A statement of principles
- by Dr Mark Wardle - 11 minutes read - 2176 wordsOn the 18th December, the Welsh Technical Standards Board discussed how we might draft some broad principles and a statement of intent, setting out our broad approach, our ethos, our principles and how we were going to tackle the work we need to do, so that, in effect, we set the standards to enable us to build a truly open platform for health and care in Wales.
After lots of discussion and debate, we submitted our work to Wales’ National Informatics Management Boards and they were endorsed in a meeting on 11th April 2019.
Here is our statement of principles. We want to hear your views.
Introduction
It is essential that better use is made of information in health and care.
Individuals and families expect their health and social care services to work effectively together. For both citizens and professionals, better care and better experience of that care depend on high quality information technology provided by the safe and appropriate sharing of meaningful information between the parties involved.
Our challenges in sharing information across individual system and organisational boundaries has meant that citizens experience a patchwork of different systems creating a feeling that ‘nothing is “joined-up”’. This often means that the same information must be given again and again, and that safety is compromised because information is simply not available when it is most needed.
Similarly, information should act as a shared platform, a single record, delivering safe and effective joint working between different organisations, as well as with citizens directly, supporting a range of applications. The accessibility and availability of this information will help us all raise the quality and value of health and social care services. This will deliver cost-effective and sustainable services and also bring our offer in line with increasing public expectations of technology in people’s day- to-day lives.

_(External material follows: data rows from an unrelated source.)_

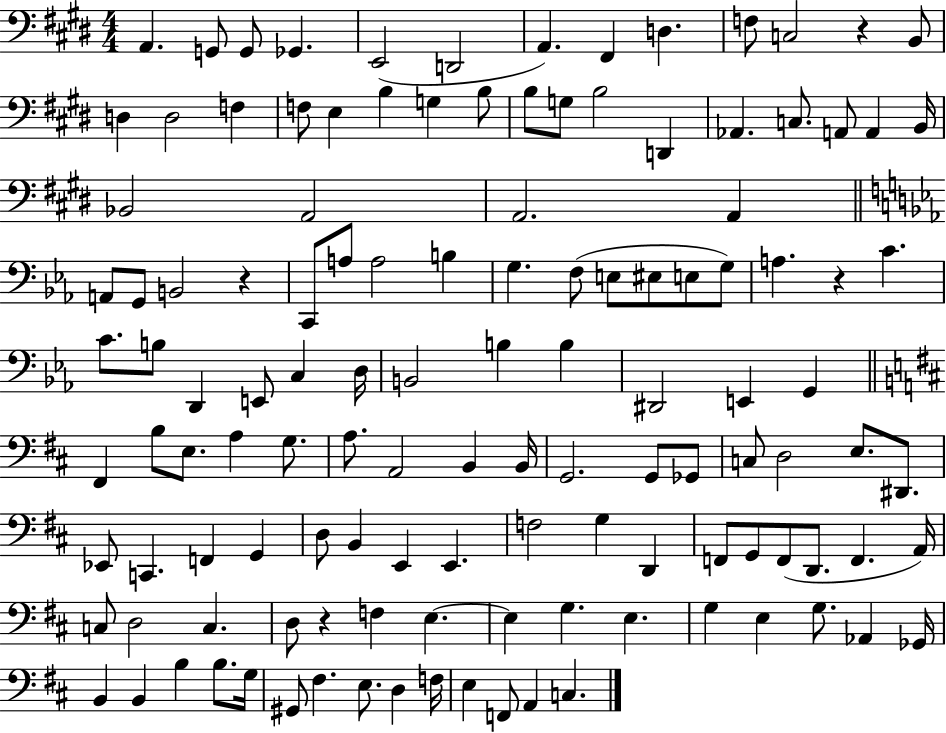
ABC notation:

X:1
T:Untitled
M:4/4
L:1/4
K:E
A,, G,,/2 G,,/2 _G,, E,,2 D,,2 A,, ^F,, D, F,/2 C,2 z B,,/2 D, D,2 F, F,/2 E, B, G, B,/2 B,/2 G,/2 B,2 D,, _A,, C,/2 A,,/2 A,, B,,/4 _B,,2 A,,2 A,,2 A,, A,,/2 G,,/2 B,,2 z C,,/2 A,/2 A,2 B, G, F,/2 E,/2 ^E,/2 E,/2 G,/2 A, z C C/2 B,/2 D,, E,,/2 C, D,/4 B,,2 B, B, ^D,,2 E,, G,, ^F,, B,/2 E,/2 A, G,/2 A,/2 A,,2 B,, B,,/4 G,,2 G,,/2 _G,,/2 C,/2 D,2 E,/2 ^D,,/2 _E,,/2 C,, F,, G,, D,/2 B,, E,, E,, F,2 G, D,, F,,/2 G,,/2 F,,/2 D,,/2 F,, A,,/4 C,/2 D,2 C, D,/2 z F, E, E, G, E, G, E, G,/2 _A,, _G,,/4 B,, B,, B, B,/2 G,/4 ^G,,/2 ^F, E,/2 D, F,/4 E, F,,/2 A,, C,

It is only by bringing information from different providers together that we can model and predict the demand for health and social care services, and improve understanding and management of how services work together.
A significant barrier to the appropriate sharing of information between systems and organisations has been a lack of appropriate standards defining how information can be shared across system and organisational boundaries. The Welsh Technical Standards Board (WTSB) has been created to take responsibility for defining technical standards relating to interoperability, security, infrastructure and development.
This document is a statement of intent, providing a clear declaration of the broad principles to be used to define technical standards together with our plan to deliver those standards in health and social care in Wales.
Our principles
WTSB has reviewed and adopted the GDS design principles and Welsh Government Digital Service Standards for health and social care services in Wales.
Our work is now focused on how we can accelerate the delivery of Healthier Wales and Informed Health and Care, considering and recommending options and solutions for the availability and linkage of data. This work will be guided by a set of principles, which are outlined here:
1. Focus on user need.
The use of technical standards within health and care is a core foundation from which to build services; Together, we must be focused on how standards can solve problems and meet the needs of users; for citizens and for professionals across health and care organisations.
2. Enable developer productivity and experience.
Developer productivity and experience are fundamental. The appropriate use of standards enables developer productivity by permitting the development of a modular architecture in which there are loosely-coupled components with well-defined interactions.
3. Encourage multi-disciplinary cross-functional teams.
Health and social care organisations in Wales should favour technologies to support modularisation of services that can be developed by small, cross-functional multi-disciplinary teams who are empowered and take responsibility for development, delivery and ongoing improvement of operational systems.
4. Open by default: open technical standards and open source code.
WTSB are cataloguing existing standards and systems used across NHS Wales, but we expect new services to use open, non-proprietary technical standards including HL7 FHIR to define application programming interfaces (APIs) and similarly, expect new applications to use those APIs instead of legacy.
WTSB will build a framework that favours the procurement of software that uses open standards and provide a roadmap on how we will align our use of these standards with partners. Likewise, we want to enable the better use of open-source solutions, while expecting developers working for the public sector to release code as open source by default.
5. Technical standards are for internal and external users.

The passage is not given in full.